Juste avant le confinement, The Inspector Cluzo a fait une tournée acoustique de 14 dates avec des musiciens de Nashville au violon, violoncelle et piano qui s’est achevée le 15 février. Une superbe expérience musicale grâce à l’ambiance feutrée et très chaleureuse créée par les musiciens. Ainsi, que la joie de profiter au maximum d’une musique parfaitement amplifiée qui s’écoute sans bouchons d’oreille. Durant cette tournée, Laurent et Mathieu ont rendu hommage à Neil Young en interprétant une version de « Hey Hey My My » qui figure sur leur Organic Farmers Season : un titre inédit par saison. C'est mieux que Vivaldi.

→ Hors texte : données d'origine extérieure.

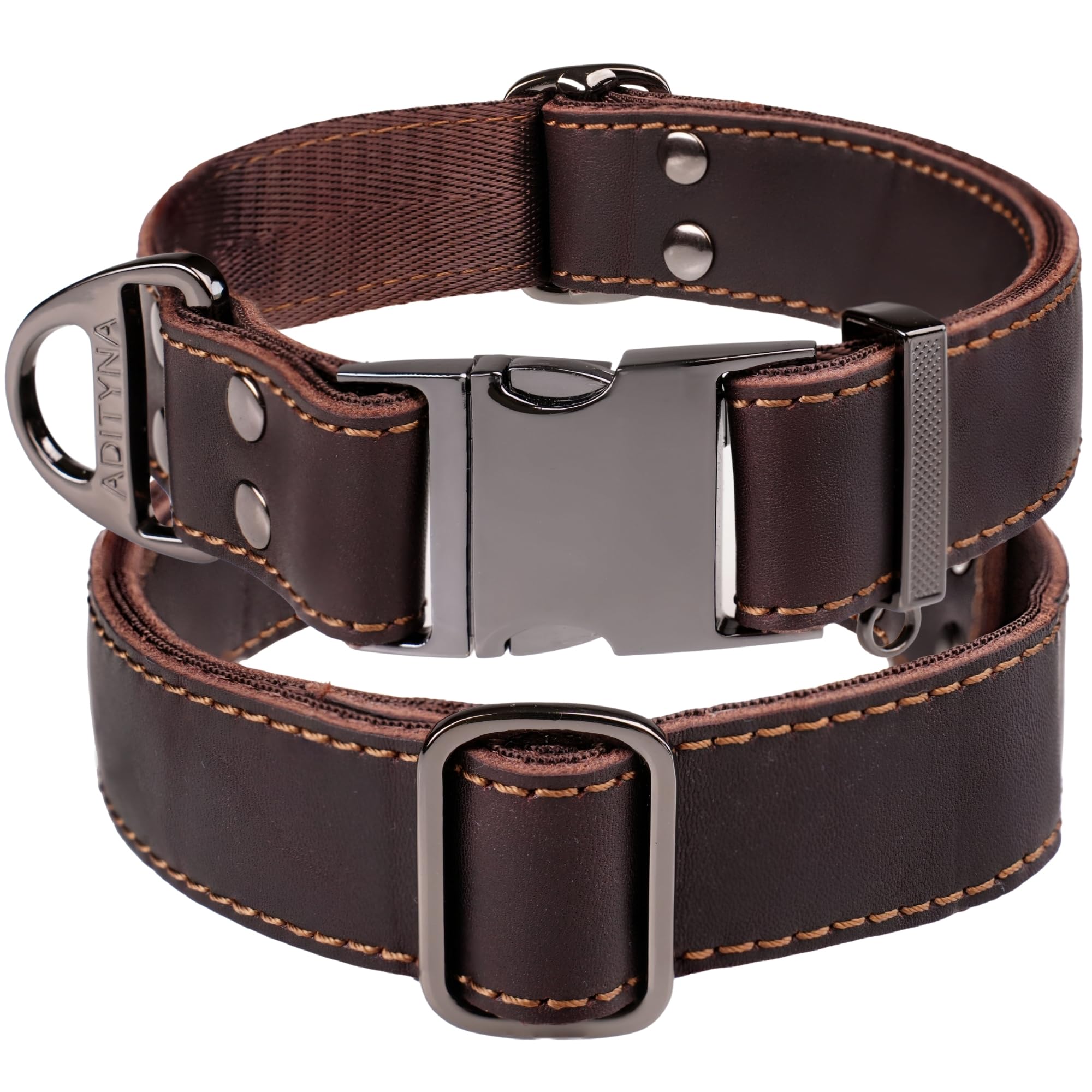 ADITYNA - Leather Dog Collar with Metal Buckle - Heavy-Duty, Adjustable for Large & Extra Large Dogs - Walking & Training (Brown, Fits 19-30" Necks)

Non ?
Cet album acoustique est une jolie pépite folk bien protégée dans un écrin boisé qui vibre en harmonie avec de belles cordes douces comme du velours pour mettre en valeur des paroles chargées de sens portées par un chant chaud. Un album à écouter près l’âtre quand dehors souffle la bise. Un peu de chaleur pour mieux supporter le confinement.